To stay competitive, media buyers need these ten practical levers they can pull right now:
- AI-powered predictive bidding to cut waste
- Tapping commerce and retail media networks for high-intent traffic
- Treating CTV and online video as one unified video plan for precise reach and frequency.
- Use privacy-first and contextual targeting
- Attention-based buying
- DCO
- In‑game and digital audio
- Hybrid in-house/agency models
- First-party data infrastructure
- Omnichannel measurement
Essentially, Blockchain-Ads sits at the center of this shift as a performance platform for data-driven, compliance-heavy advertisers. It brings media buying, AI optimization via Nexus, and privacy-safe attribution into one stack.
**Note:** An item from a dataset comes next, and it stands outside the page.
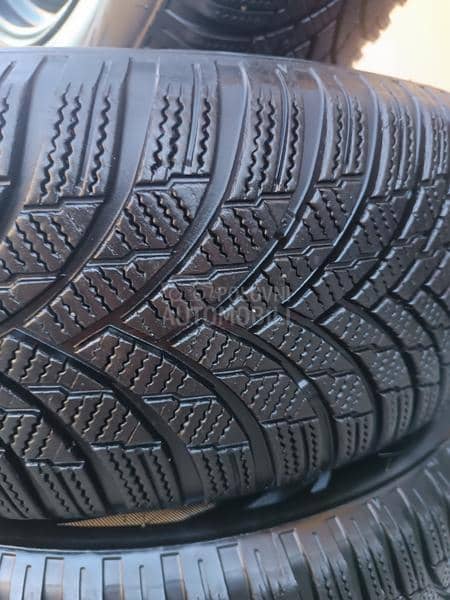 Firestone 205/60 R16 Zimska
This way, buyers can see which audiences, creatives, and placements actually drive revenue instead of just impressions.
In this article, you will walk through the ten most important media buying strategies for 2025, how each one works, and when to use it.
What Is Media Buying?

Media buying is the process of purchasing ad placements where your target audience already spends attention, across digital and offline channels. It covers choosing the right inventory, negotiating prices, and allocating budgets so each impression has a real chance of driving revenue.
In practice, media buyers also decide which formats to use, how often people should see an ad, and what environments are brand-safe. A good media buyer will analyze where impressions turn into clicks and clicks turn into customers.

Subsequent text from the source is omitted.